The table should then update and if you were seeing the [TABLE] tag, it should now be filtered out.
|5.||Now click the "Use First Row as Headers" button.
This will move the row containing "Name", "Team", "W", and "L" up to be the column headers.
|6.||At this point, our data has been set up and cleaned. It's ready to load into the Excel file. Click the drop down on the "Close & Load" button and then choose the "Close & Load To..." option.
The "Load To" menu should appear. Because we already set up the worksheet to hold this data, change the radio button under the "Select where the data should be loaded" section to "Existing Worksheet". Then click the "Load" button.
Your data should be loaded!
At this point you may want to complete step 6 in the table above (the second set of instructions on this page) in order to get your probable pitcher data to refresh automatically each time you open the Excel file.
Wow, This is Cool. Now What Do I Do?
Unfortunately, I have to stop this post somewhere. Or it will go on forever!
But if you want to forge ahead, the logical next step is to use a VLOOKUP or an INDEX & MATCH combination to get each probable pitcher listed next to each batter on the FanDuel Salaries list. The link between the Fan Duel salary info (image below) and the probable pitchers is not obvious, so it will take some work.
My thoughts are to use the "Opponent" column from the Fan Duel data and attempt to link it to the "Team" column on the Fangraphs probable starters list.

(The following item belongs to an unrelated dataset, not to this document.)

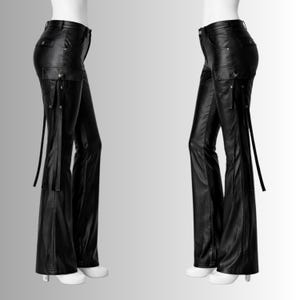 black leather flare pants women gothic streetwear grunge alt fashion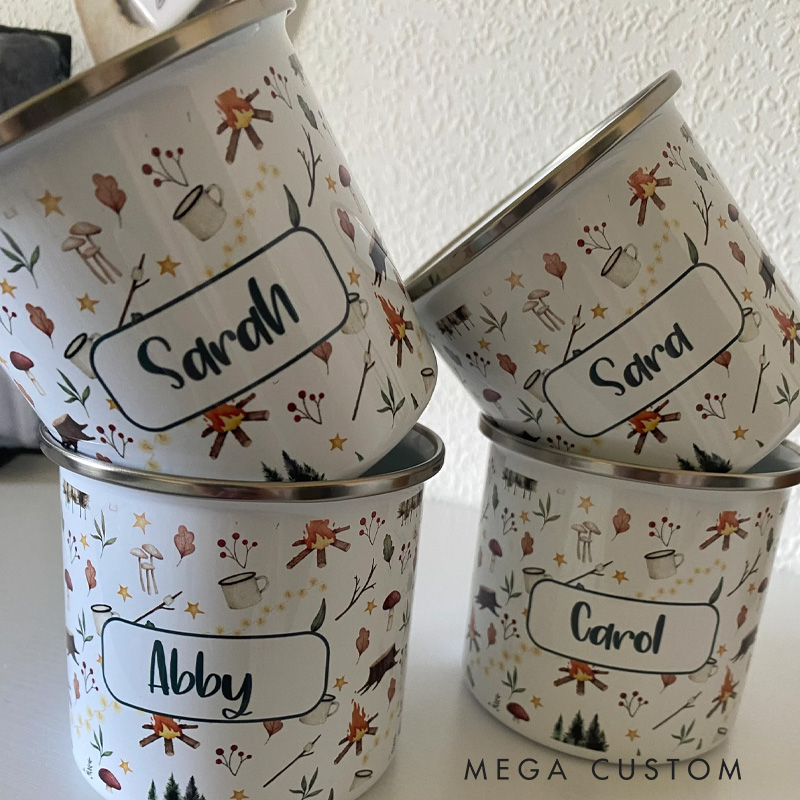 Personalised Campfire Enamel Mug Camping Birthday Gift Custom Children’s Mug Camping Adventure Gift for Kids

This may bring me into a future post about another problem I've recently realized... We need an MLB Team Map just the same way we needed a Player ID Map. There is no standard way to refer to MLB teams. Many sites use a slightly different way of doing it. Heck, sometimes the Chicago White Sox are "CHA" and sometimes they're "CHW". Sometimes the Cubs are "CHC" and others "CHN". We also have the issue of the Fangraphs data which spells out team names!
Do Things The Right Way
At this point, you may be feeling overwhelmed. Like there is too much to tackle here.
Just remember that if you set things up correctly so they are linked and pull data automatically from some resource (whether the web, a CSV in Google, or a CSV you save to your desktop), you will save time in the long run. Invest the time now. Save time later.
The Big Takeaway
Whether or not you use this strategy to pull in probable pitchers, the tactic of using Google Sheets as an import tool into your daily fantasy Excel file is a very valuable tool. I don't want that to get lost in the shuffle. This is powerful stuff!
I'd be curious to hear your thoughts on a couple things.
- Am I crazy for trying to bring information like this in?
- Have things gotten too complicated for you?
- Even if you don't use it for probable pitchers, I'm loving the Google Sheets to CSV approach. The other neat thing about this is one person could create this and share it to other... What web pages would you like to see in this format?
- What other DFS, baseball, or matchup data would you like to look at importing
As always, thanks for reading. And for letting me rub a little dork off on you.